Note that when exceptions are raised, they are printed by the driver but the Command: prompt sometimes appears misplaced.

You can write other code at the bottom of your pcollections.py module to test the pnamedtuple function, or type code into the driver as illustrated below. Notice the default for each command is the command previously entered.

  Driver started
  Command[!]: from pcollections import pnamedtuple as pnt
  Command[from pcollections import pnamedtuple as pnt]: Point = pnt('Point', 'x y')
  Command[Point = pnt('Point', 'x y')]: origin = Point(0,0)
  Command[origin = Point(0,0)]: p1 = Point(5,2)
  Command[p1 = Point(5,2)]: print(p1)
  Point(x=5,y=2)
  Command[print(p1)]: print(p1.get_x())
  5
  Command[print(p1.get_x())]: print(p1[0])
  5
  Command[print(p1[0])]: print(p1['x'])
  5
  Command[print(p1['x'])]: print(p1['z'])
  Traceback (most recent call last):
    File "C:\Users\Pattis\workspace\courselib\driver.py", line 224, in driver
      exec(old,local,globl)
    File "", line 1, in 
    File "", line 17, in __getitem__
  IndexError: Point.__getitem__: index(z) is illegal
  Command[print(p1['z'])]: print(p1._asdict())
  {'x': 5, 'y': 2}
  Command[print(p1._asdict())]: newp = Point._make([0,1])
  Command[newp = Point._make([0,1])]: print(newp)
  Point(x=0,y=1)
  Command[print(newp)]: p2 = p1._replace(x=2,y=5)
  Command[p2 = p1._replace(x=2,y=5)]: print(p1,p2)
  Point(x=5,y=2) Point(x=2,y=5)
  Command[print(p1,p2)]: quit
  Driver stopped

Files for batch_test (see bt.txt for an example) just contain commands that will be executed; many are calls to the print function, which show the result of the print.

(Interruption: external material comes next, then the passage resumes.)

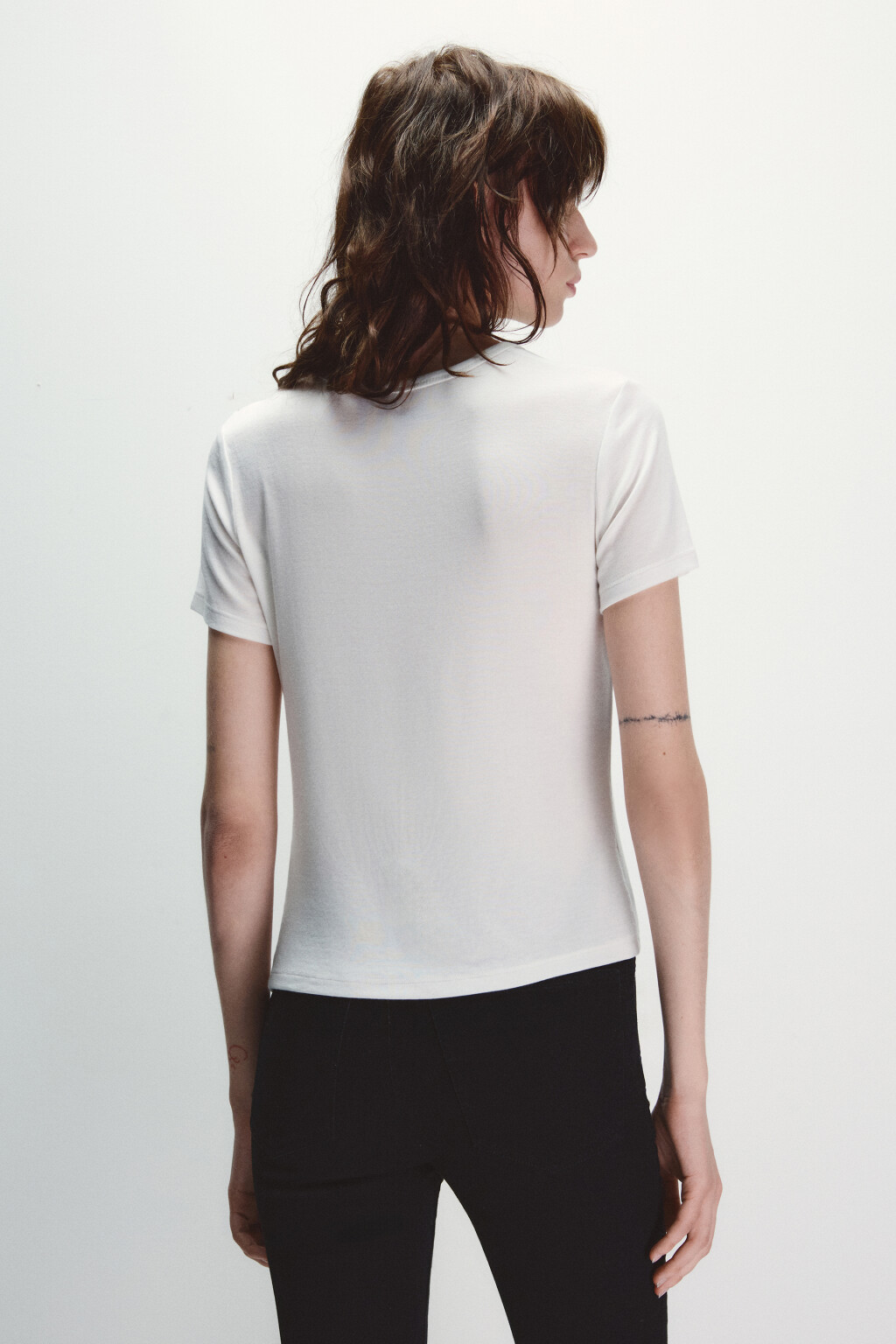 Футболка трикотажная с шерстью - цвет молочный - 3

Remember that your pnamedtuple function can print on the console, for debugging purposes, the string it is about to exec so you can look for errors there (just eyeball whether the code correct). The show_listing function (defined in the pnamedtuple function) display a string on the console, numbering its lines (useful when exec finds an error: it reports a line number that show_listing shows).

Finally, I have also included two programs that David Kay published in ICS-31 that use Python's namedtuple (with those names changed to pnamedtuple). It would be a good idea to test you pnamedtuple in these contexts, and in the script with other numbers/names of fields.